TASK DETAILS :: Beginning with the line containing "VENEZIA 16 OTTOBRE" and ending with the line containing "Plastic containers various", write out each line of the records below exactly; pictures and lines outside that range are left out.

RECORDS SHOWN ::
* * *
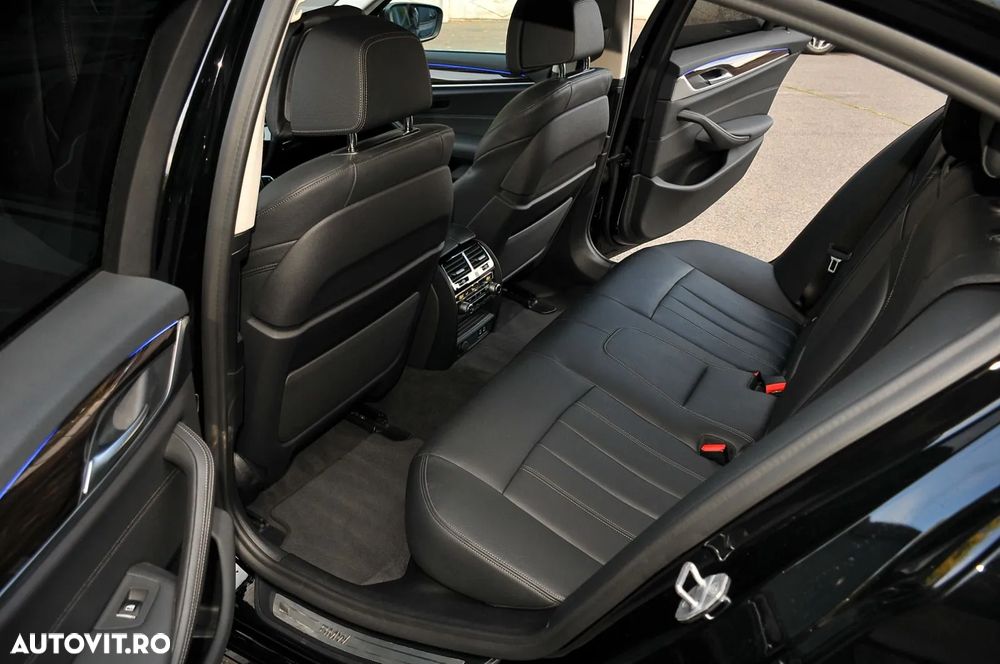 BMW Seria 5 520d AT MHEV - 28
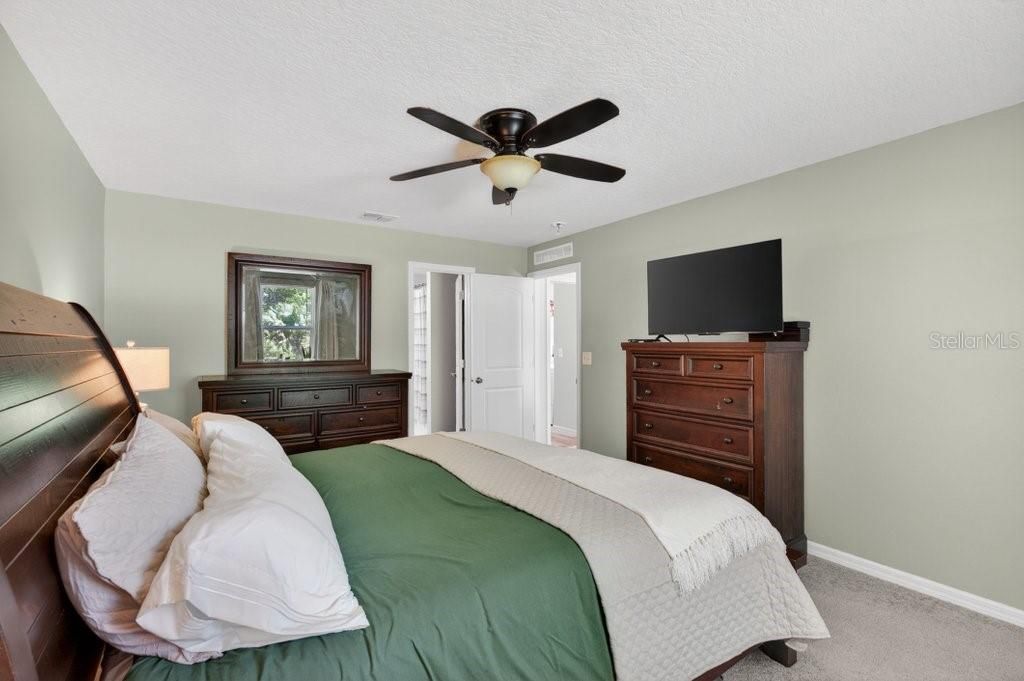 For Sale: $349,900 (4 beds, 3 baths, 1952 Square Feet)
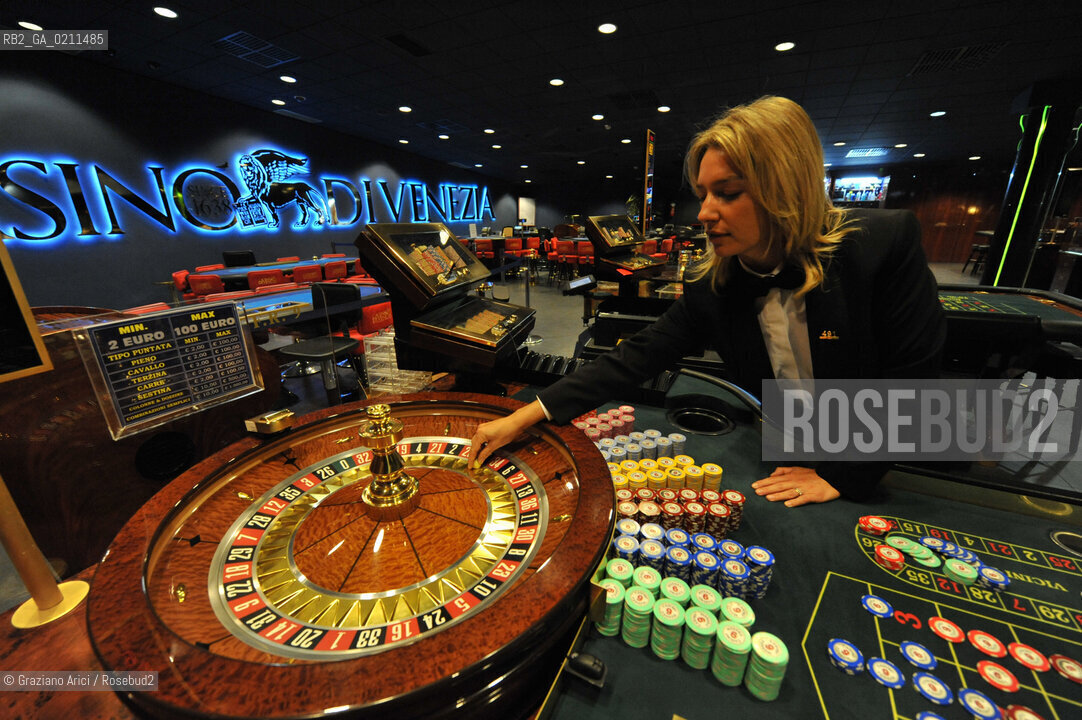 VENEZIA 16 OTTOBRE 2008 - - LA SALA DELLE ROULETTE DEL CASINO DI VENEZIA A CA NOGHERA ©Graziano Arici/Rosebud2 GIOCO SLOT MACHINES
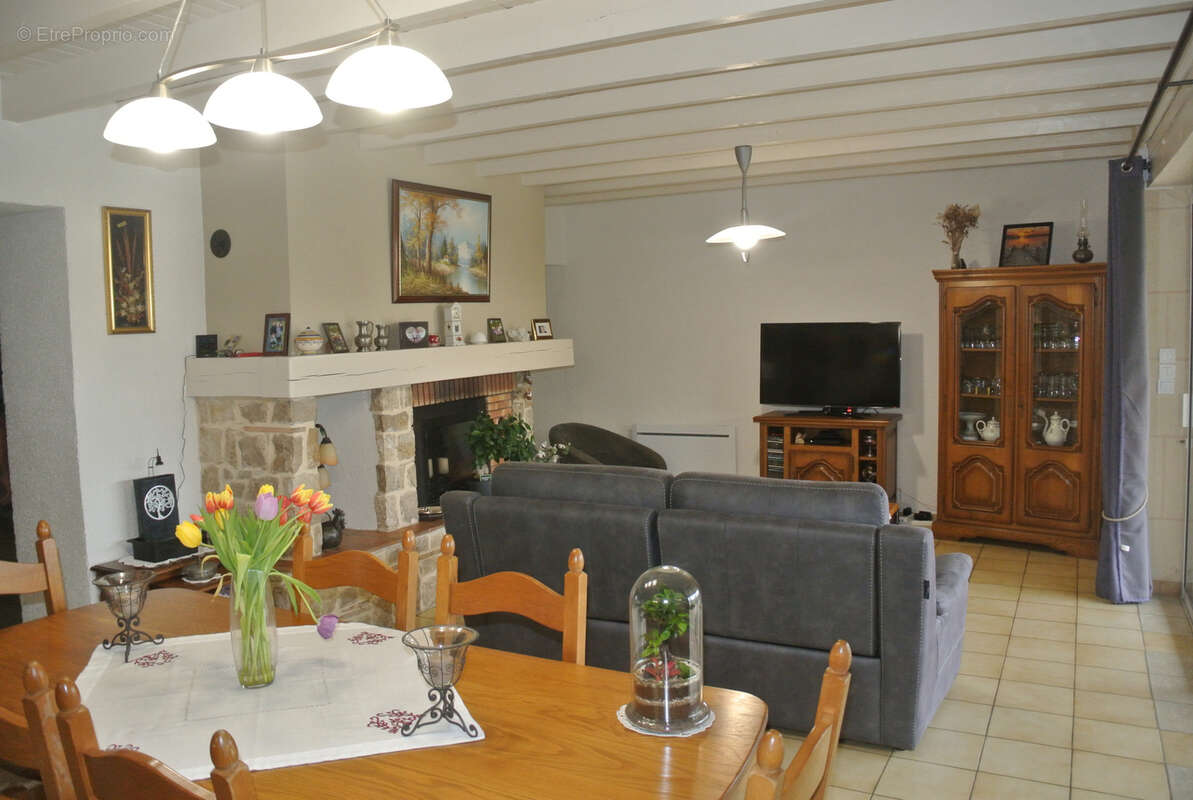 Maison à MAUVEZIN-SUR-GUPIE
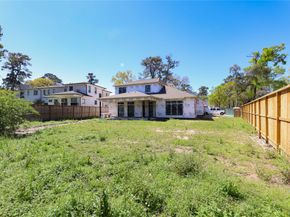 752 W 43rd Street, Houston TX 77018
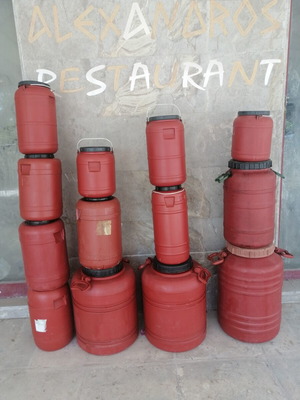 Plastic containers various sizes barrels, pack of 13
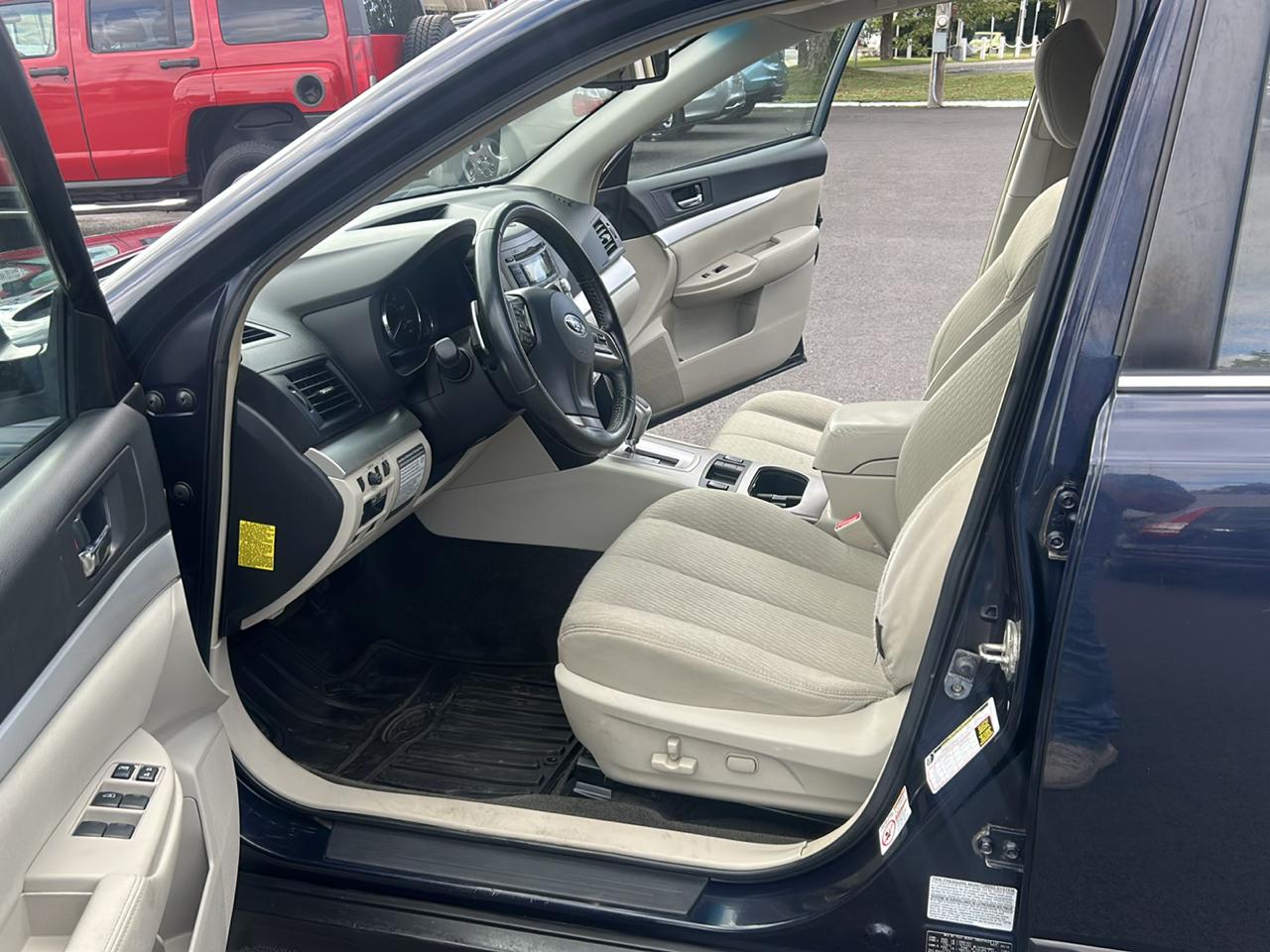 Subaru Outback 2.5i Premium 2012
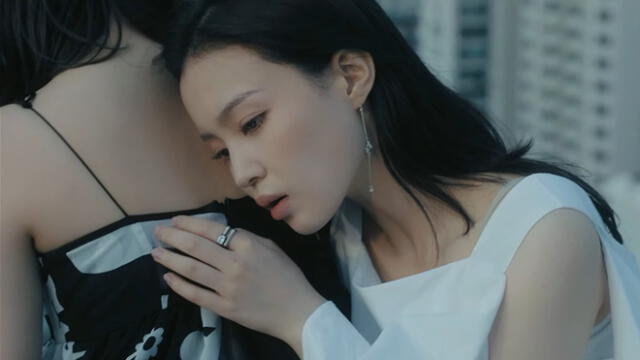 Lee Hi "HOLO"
* * *
YOUR RESPONSE ::
 VENEZIA 16 OTTOBRE 2008 - - LA SALA DELLE ROULETTE DEL CASINO DI VENEZIA A CA NOGHERA ©Graziano Arici/Rosebud2 GIOCO SLOT MACHINES
 Maison à MAUVEZIN-SUR-GUPIE
 752 W 43rd Street, Houston TX 77018
 Plastic containers various sizes barrels, pack of 13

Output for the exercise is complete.